The Lunascan Project Moon Shot Series
Apollo 11
July 20, 1969

The first manned spacecraft landing on the Moon was at 3:17 p.m. E.S.T. on July 20, 1969, when the Apollo 11 Lunar Module, Eagle, landed in Mare Tranquillitatis, located at 0°4'5"N latitude, 23°42'28"E longitude. The Eagle landed approximately 50  kilometers from the closest highland material and approximately 400 meters west of a sharp rimmed blocky crater about 180 meters in diameter. Astronaut Aldrin immediately began describing the the view from the window:

 ". . . it looks like a collection of just about every variety of shapes, angularities, and granularities, every variety of rock you could find . . . it looks as though they're going to have some interesting colors to them."

Before the Apollo 11 landing took place there were some reconnaissance flights performed by the Lunar Orbiters, in particular LO-5.


Southern portion of Rukl Section 35

Used in two other previous web pages in the Moon Shot Series, the above graphics shows the locations of all three NASA missions, which culminated in the Apollo 11 landing.

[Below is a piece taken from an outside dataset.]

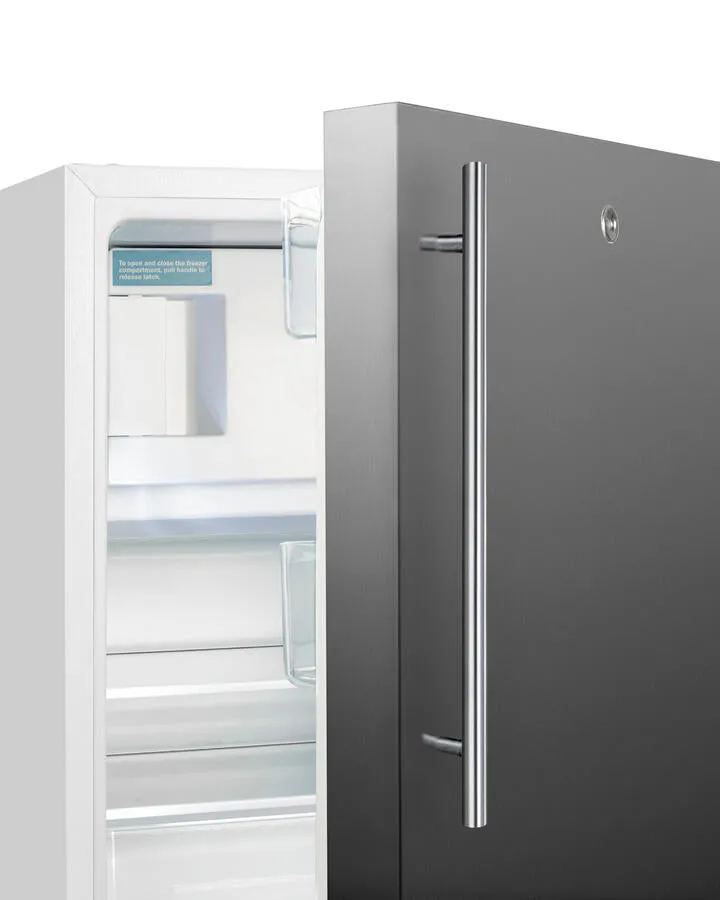 Summit ALRF48SSHV 20" Wide Built-In Refrigerator-Freezer, Ada Compliant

The chart above is the bottom portion of Rukl Section 35. For comparison purposes the crater Sabine is 30 km wide.



The soft landing site of the Apollo 11 expedition is even better represented here in this two-dimensional b&w image from the Rukl Atlas photo collection.  Close to it are the three small craters Aldrin, Armstrong and Collins (3.4 km, 4.6 km, and 2.4 km in diameter) named after the Apollo 11 crew.  These are the only examples on the near side of the Moon of lunar formations named after living persons.  The large crater to the left is Sabine.  (Source: Rukl Atlas)


MPS (Medium Power Scan) - Consolidated Lunar Atlas Photo E9
In the above image the arrow points to the landing site in the southern portion of Mare Tranquillitatis. The two large craters near the middle of the lower margin of the photograph are Theophilus and Cyrillus. The rim of Theophilus Crater truncates (cuts across) the rim of Cyrillus Crater, indicating that Theophilus is the younger crater. Ejecta from Theophilus may be present in the vicinity of the Apollo 11 landing site. Craters in the vicinity of the landing site include Moltke (the bright rayed crater to the lower right of the arrow), Sabine (left of arrow) and Maskelyne (upper right of arrow).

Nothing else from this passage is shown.